Difatti, la disuguaglianza del benessere tra gli uomini deriva da mere condizioni accidentali. Dunque, se io posseggo beni di fortuna li debbo a quelle circostanze che han favorito me o chi mi ha preceduto, e però devo pensare anco alla società di cui sono membro.

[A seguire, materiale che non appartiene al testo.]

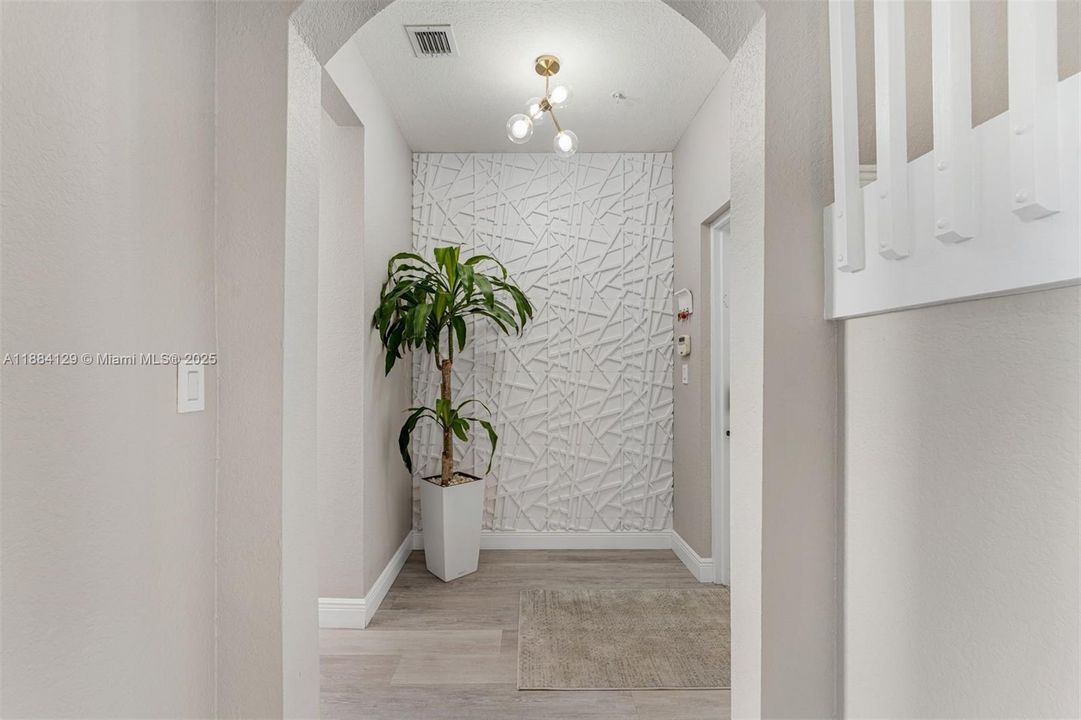 Recently Sold: $425,000 (3 beds, 2 baths, 1445 Square Feet)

Si eccita l'invidia in un fanciullo avvezzandolo a stimare sè stesso giusta il valore degli altri. Egli deve, al contrario, stimar sè giusta le idee della sua ragione. Cosi l'umiltà vera e propria è un confronto del nostro valore colla perfezione morale. La religione cristiana, per esempio, comandando agli uomini di paragonar sè medesimi al modello sovrano della perfezione, li rende umili piuttosto che insegnar loro la umiltà. Far consistere l'umiltà nello stimar sè meno degli altri è assurdo. - Vedi come questo o quel fanciullo si porta bene! e somiglianti espressioni. Parlar così ai fanciulli non è certo il modo d'inspirar loro nobili sentimenti. Quando l'uomo stima sè, giusta il valore degli altri, cerca o di elevarsi sopra loro, o di abbassarli. Il secondo caso è proprio dell'invidia. Allora non si pensa che a trovar difetti negli altri; solo a questa condizione si regge al confronto, e si riesce superiori. Lo spirito di emulazione applicato non bene produce l'invidia. Quando volessimo persuadere alcuno che una cosa è fattibile, qui l'emulazione potrebbe giovare: come, puta caso, quando esigo da un fanciullo un certo còmpito e gli mostro che altri han potuto farlo.
A un fanciullo non va permesso di umiliare gli altri in qualsiasi modo.